Ernest Hemingway, En nuestro tiempo, Barcelona, Lumen, 2018. Traducción de Rolando Costa Picazo. (In Our Time, 1925).

         Volumen de cuentos protagonizados en su mayoría por Nick Adams, al que debe suponérsele, yo al menos lo hago, la condición del alter ego del autor. Puede que me equivoque porque no he tenido la previsión de releer la biografía de Hemingway antes de ponerme a escribir estas líneas, simples notas de lectura, pero muchos de los cuentos presuponen un conocimiento experiencial de lo narrado. Recuerdo lo esencial de su biografía, que viajó mucho por Europa, que era pescador, vivió guerras y murió suicidado, pero de su infancia, esa etapa de la existencia humana tan definitoria de nuestros gustos y actitudes antes la vida, no tengo ni idea. Tampoco es imprescindible tenerla para disfrutar de la lectura, obviamente. Parece que la mejor forma de hacerlo es no saber nada de su autor, ni preocuparse lo más mínimo por saberlo. Ser capaz de separar totalmente al autor de la obra o, mejor aún, a la crítica de la obra. Solo después de leerla, y si a uno le apetece, puede leer sobre ella. Creo que es mejor así. Esta edición de En nuestro tiempo, la primera traducción al castellano según parece, viene acompañada por un interesantísimo prólogo de Ricardo Piglia, quizá uno de los últimos trabajos de la vida del novelista argentino.

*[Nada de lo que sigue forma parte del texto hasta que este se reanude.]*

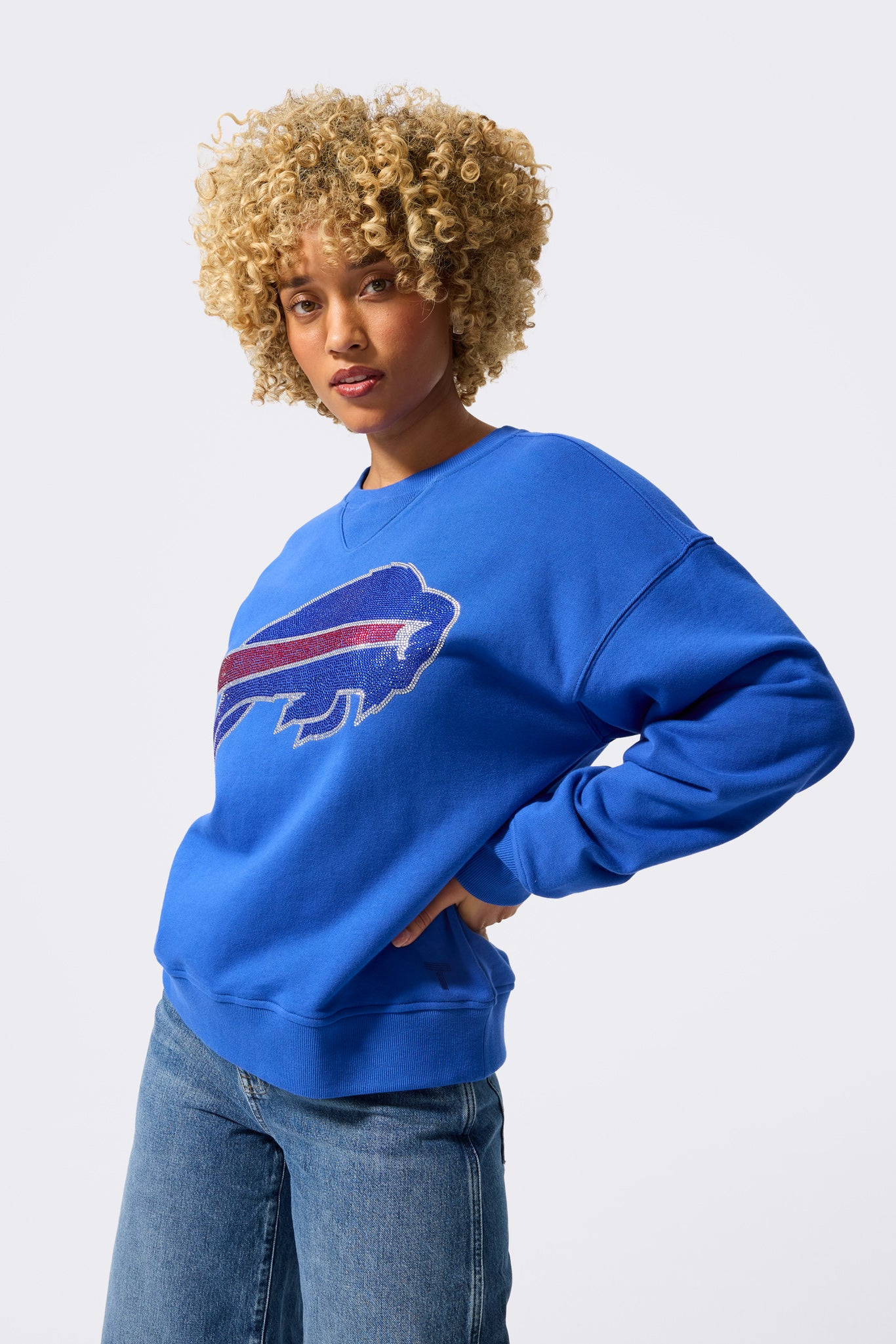 NY Bills Gems Crew | Terez
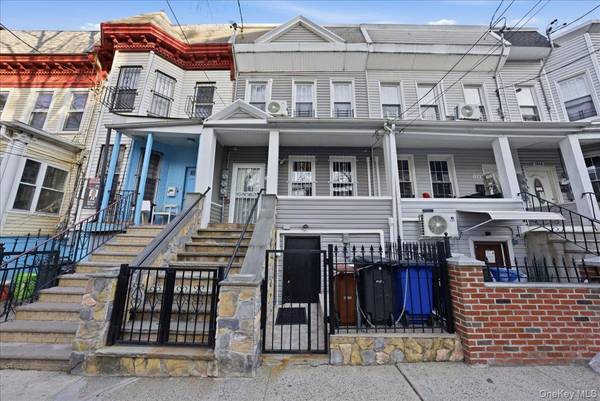 1268 Findlay AVE, Bronx, NY 10456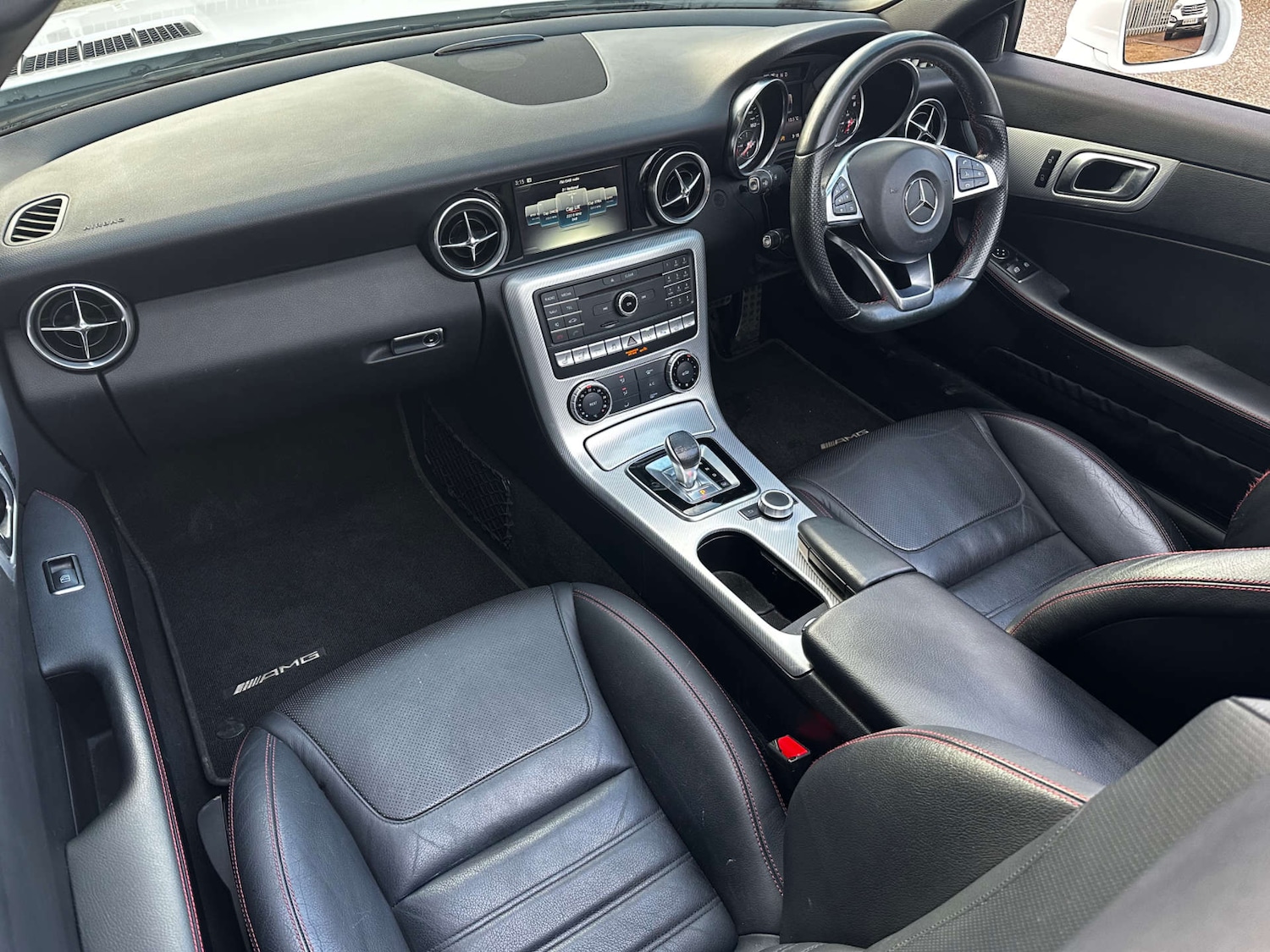 Used Mercedes-Benz SLC 2017 for sale - 77173431: Photo 29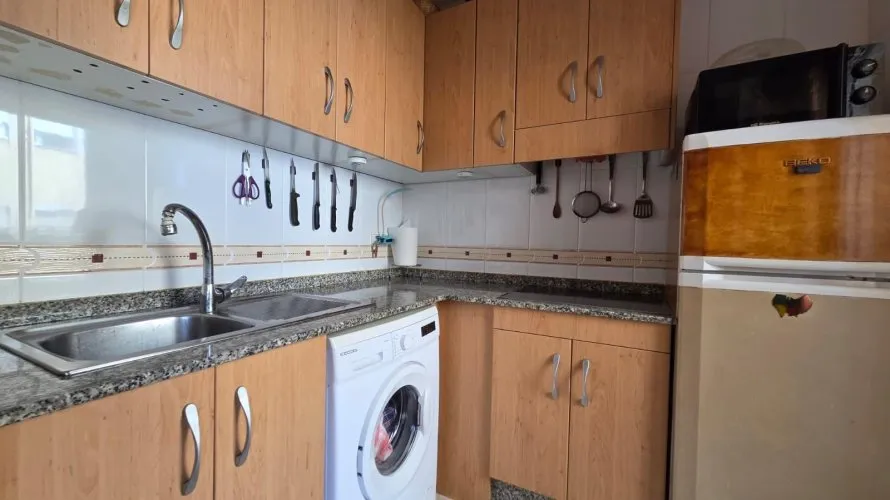 Apartamento de 1 dormitorio en Torrevieja, España No. 3285 № 13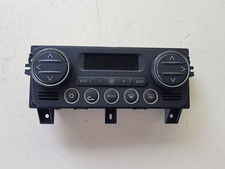 1560547840 CENTRALINA COMANDO CLIMA ALFA ROMEO 159 2009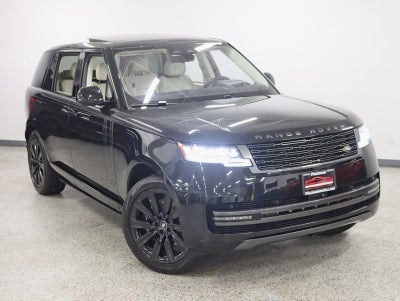 2023 Land Rover Range Rover Autobiography LWB 2 Owner 7 Passenger Rear Entertainment Power Boards Fully Loaded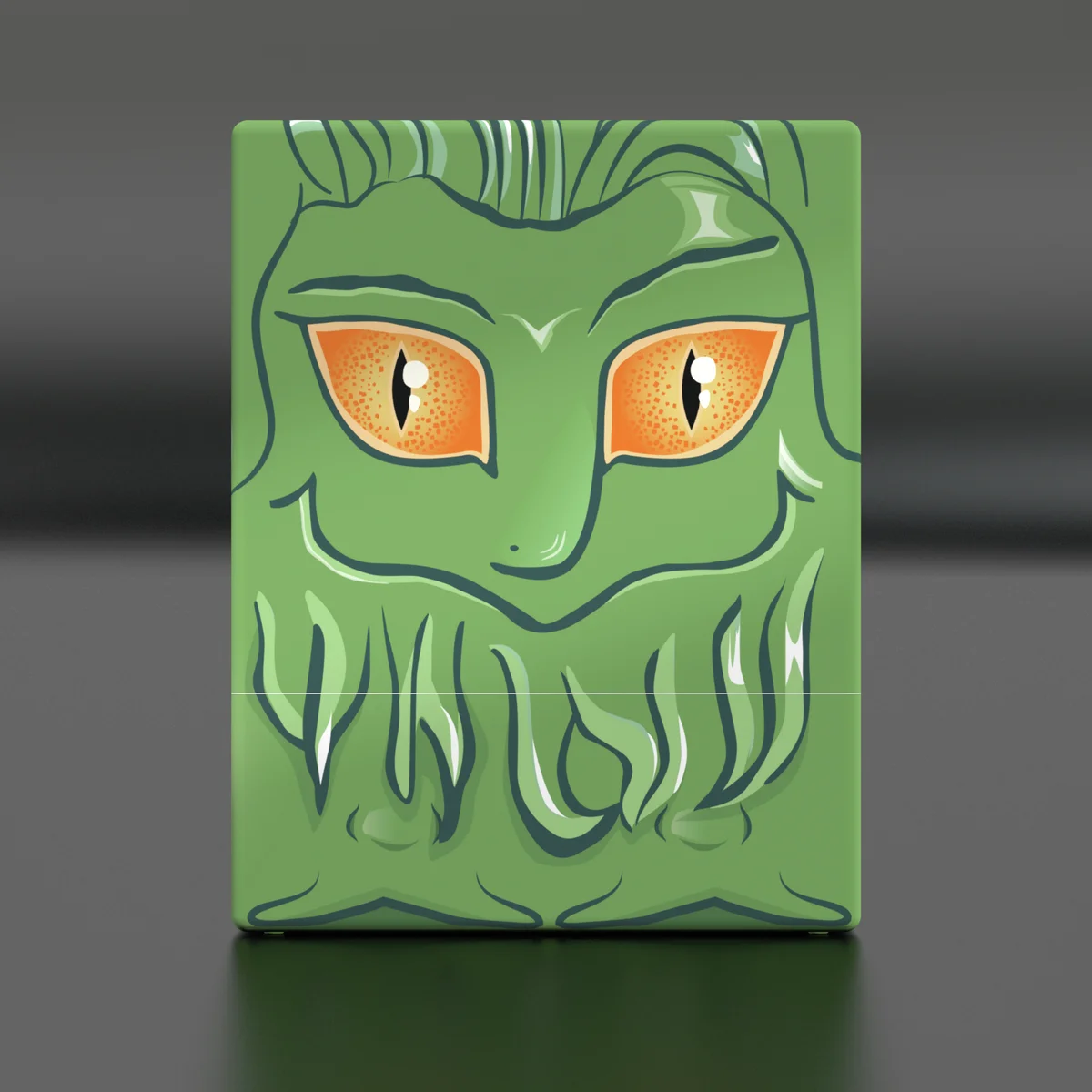 Squaroes Squaroe Magic: The Gathering "Lorwyn Eclipsed" MTG008 - Changeling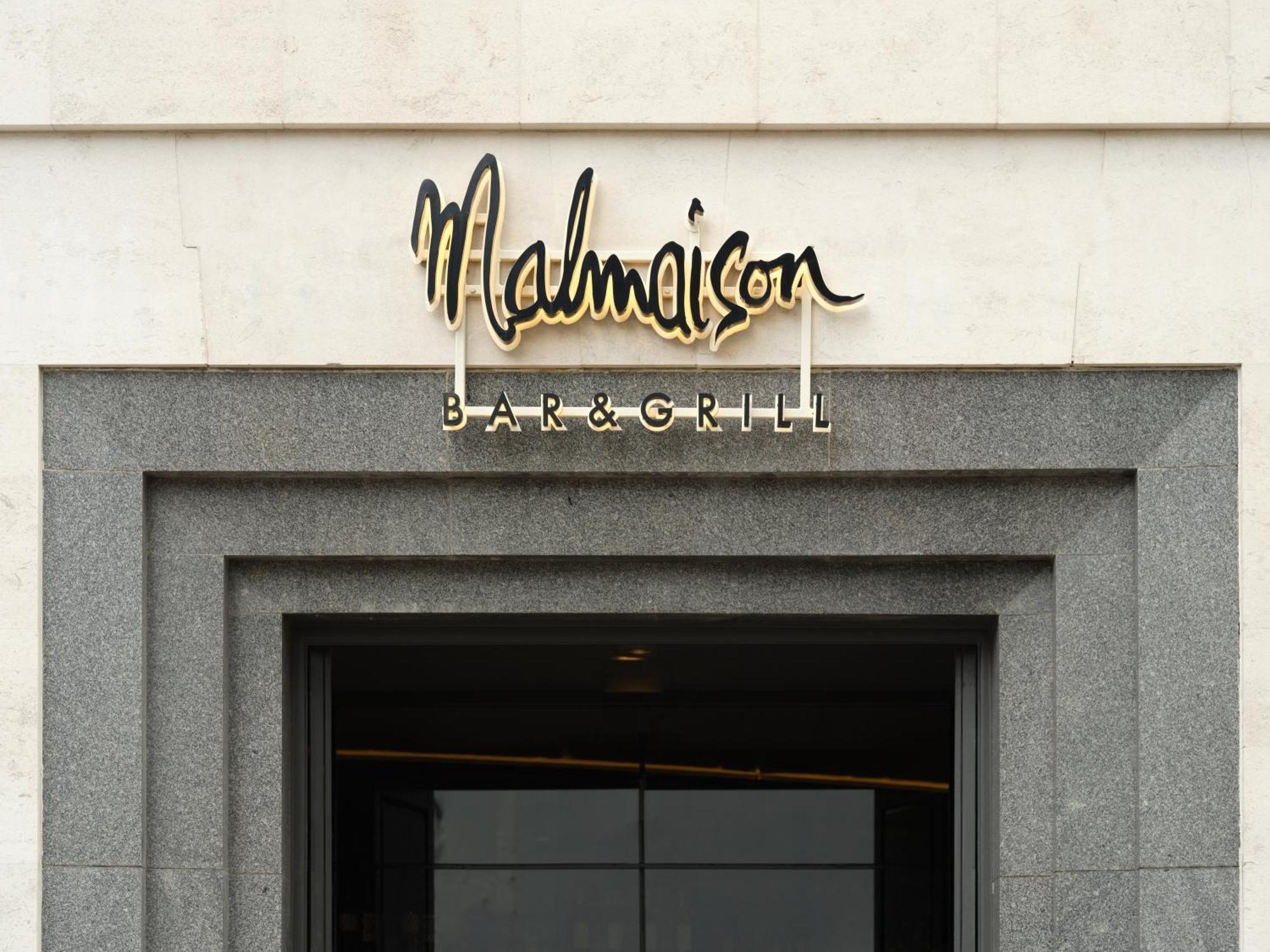Malmaison Manchester Deansgate Bagian luar foto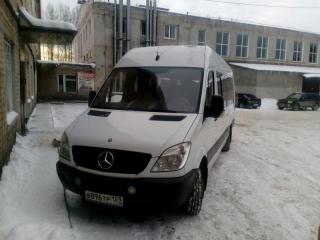 Микроавтобус MERCEDES-BENZ Sprinter 2012г. 20-местный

         En nuestro tiempo está compuesto por unos treinta relatos, la mitad de ellos de extensión apreciable —quince, veinte páginas— y la otra mitad de extensión mínima, un par de párrafos. Los de uno y otro tipo van intercalados. Muchos de los del tipo mínimo son impresionantes por la capacidad que tienen de sugerir, de abrir la ventana a un mundo de emociones y sensaciones fuertes solo durante unos segundos. Algunos de estos relatos cortísimos, no sé si llamarlos microrrelatos, están inspirados en el mundo de la tauromaquia. Describen momentos tanto de la corrida como de la vida de los toreros, teniendo especial predilección por los cuadros más violentos o sangrientos, como aquel que describe de forma fría, casi de científico, cómo se mueve el caballo del picador después de haber sido corneado por el toro en el abdomen, época aquella de las corridas conocida por el autor en la que los equinos aún no llevaban peto protector. Pueden imaginar algo.
         Hemingway ambienta sus cuentos en España, en Italia, en Grecia, en medio de los bosques norteamericanos o en una reserva india. El protagonista habitual es Nick. Nick niño, Nick jovencito y Nick ya hecho hombre. Los relatos del libro protagonizados por niños son especialmente interesantes como muestra de cómo ponerse en su piel, cómo contar la historia desde su punto de vista, algo que no nos debía costar mucho esfuerzo porque todos hemos sido niños, aunque algunos parezcan haber nacido ya avejentados y sin imaginación. A menudo las situaciones narradas son violentas, reflejos de mundos crueles y descarnados.
         El relato titulado El luchador comienza de manera sumamente seductora. Lo hace, por supuesto, in media res, la forma más efectiva de hacerlo. En este caso se trata de aquel en el que alguien del que no sabemos nada —solo que acaba de ser expulsado de noche de un tren en marcha—, se incorpora junto a la vía y comienza a hacer balance de daños. Otros relatos, los dos últimos, cuentan la historia del hombre que busca la soledad de la naturaleza para curar sus heridas anímicas. Alguno está ambientado en el mundo de los hipódromos y el amaño de carreras. El libro ofrece una gran variedad. Pero lo mejor de todo, como subraya Piglia, es el estilo. La concisión es su principal rasgo. Las frases son cortas. No hay adornos, metáforas, adjetivos y otras «delicadezas». Hemingway describe un mundo duro, cruel, con un lenguaje lo más alejado que pueda imaginarse del amaneramiento. Es directo. A veces brutal. Pero tiene la virtud de llegar siempre de manera rápida a la mente del lector, que no necesita esforzarse en desenredar frases de sintaxis inextricable.
Una lectura placentera para personas de acción obligadas a vivir de manera sedentaria, como muchos de nosotros.